Much of Savannah sits on Pleistocene-age terrace deposits and younger marsh sediments, with a shallow water table rarely deeper than six feet near the coast. Any excavation deeper than a crawlspace or grading steeper than 2H:1V in these low-strength soils triggers a closer look at stability. The city’s subtropical climate delivers over 49 inches of rain a year, saturating the upper silty sands and accelerating erosion in drainage swales. When a developer re-grades a lot along the Vernon River or cuts into a sandy bluff near the Ogeechee, the risk of a rotational failure jumps sharply. We run limit-equilibrium analyses that incorporate pore-pressure buildup from the shallow aquifer and the loose-to-medium dense sands mapped across Chatham County. For deeper cuts in the underlying Hawthorn Formation, we often combine the stability model with a cone penetration test to define weak clay seams that don’t show up in standard borings.
In Savannah’s saturated coastal soils, a slope that stands dry can fail within 24 hours of a tropical storm if the analysis ignores transient pore pressure.
Method and coverage
Regional considerations
The most common trigger we see in Savannah is a contractor who opens a trench for a foundation wall during a wet August week and leaves it unsupported overnight. A 12-foot vertical cut in moist, silty sand won’t stand long; the suction that holds the face together dissipates within hours, and the lower portion slumps. We use a tracked CPT rig to push through the loose upper soils behind the crest and map exactly where the groundwater sits relative to the cut face. In a recent project off White Bluff Road, a planned 15-foot excavation for a stormwater vault required a temporary slope of 1.5H:1V with dewatering wells, based on the factor of safety dropping below 1.1 without them. Savannah’s geology doesn’t give much margin, so the stability analysis has to include the rainfall scenario that the IBC calls the probable maximum, not just the average month.
Standards that apply
IBC 2021 Chapter 18 (Soils and Foundations), ASCE 7-22 Section 11.8 (Seismic Slope Stability), ASTM D3080 (Direct Shear Test), ASTM D4767 (Consolidated-Undrained Triaxial), FHWA-NHI-05-123 (Soil Slope and Embankment Design)
Complementary services
Limit-Equilibrium Slope Modeling
We build 2D cross-sections using Spencer’s method and Bishop simplified routines, calibrated with lab shear-strength data from undisturbed Shelby-tube samples taken on-site. The model accounts for the perched water table common in Savannah’s layered sands and clays, and we run sensitivity checks on the fill weight that can be placed behind a bulkhead or retaining wall without triggering a deep-seated failure.

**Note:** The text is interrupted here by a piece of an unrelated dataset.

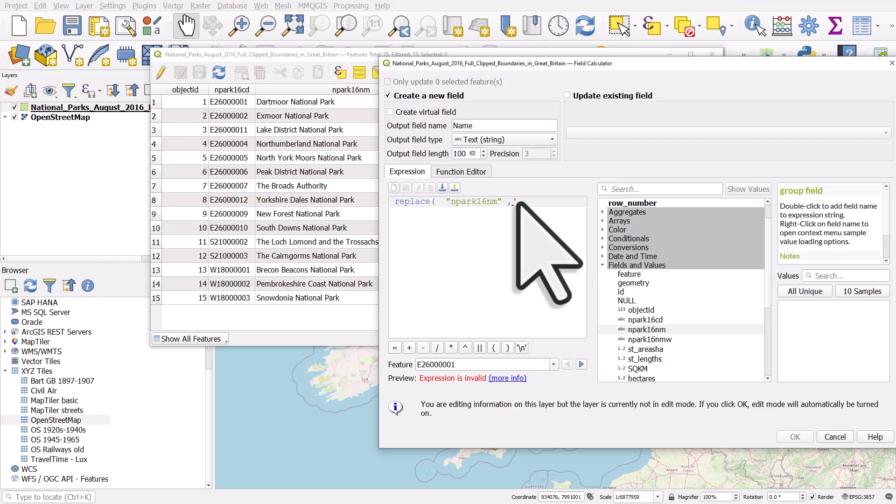I'm using a space before National Park because after each word like Dartmoor or North York it has a space and I want that replaced as well. I'm gonna hit comma, and then I want to replace it with nothing, so I just do two single quotes because there's nothing between those single quotes. So it's going to replace National Park with that, and I'll close those brackets.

Cut-and-Fill Stability Review
When a site requires benching into a natural slope or placing engineered fill over soft marsh clay, we evaluate short-term undrained conditions and long-term drained conditions. Our reports specify compaction requirements, reinforcement layers, and bench geometry that meet the City of Savannah’s grading ordinance and IBC Chapter 18 criteria.
Typical parameters
Q&A
How much does a slope stability analysis cost for a residential lot in Savannah?

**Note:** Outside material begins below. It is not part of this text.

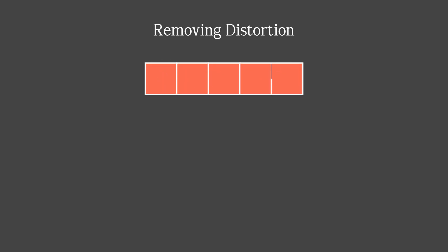To remove the distortion, we have to get a projection of the distance vector onto the player's direction. And for it, we multiply the distorted distance by the cosine of the angle between them.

For a single-family lot with a proposed cut or fill up to 10 feet, the analysis typically runs between US$1,300 and US$4,410, depending on whether we need to add CPT soundings or laboratory shear tests. A more complex commercial site with multiple cross-sections and instrumentation recommendations will fall toward the upper end of that range.
What triggers the City of Savannah to require a slope stability report?
The city’s Development Services Department will request a geotechnical report with a slope stability chapter when grading exceeds five feet of cut or fill, when the proposed slope is steeper than 2H:1V, or when construction lies within 50 feet of a mapped floodplain or marsh front. The report must be signed and sealed by a Georgia-licensed professional engineer.
Can you analyze slopes in the soft marsh clays along the Savannah River?
Yes, those soft clays require an undrained analysis for short-term conditions and an effective-stress analysis for long-term settlement. We sample the clay with thin-wall Shelby tubes, run consolidated-undrained triaxial tests, and model the slope with staged construction to account for pore-pressure dissipation over time.
How do you account for hurricane rainfall in the stability model?
We input the 24-hour, 100-year rainfall depth from NOAA Atlas 14 for Chatham County, which is roughly 8.5 inches. The model applies this as a steady-state seepage condition with full saturation of the upper soil layers, and we check the factor of safety at the peak of the storm when pore pressures are highest.
Do you provide construction-phase monitoring for slopes in Savannah?
We can set up a monitoring plan that includes slope inclinometers, piezometers, and survey markers, and we visit the site at critical stages such as after heavy rain events or during deep excavation. The monitoring data lets us verify that the slope is performing as predicted and adjust the dewatering or shoring if needed.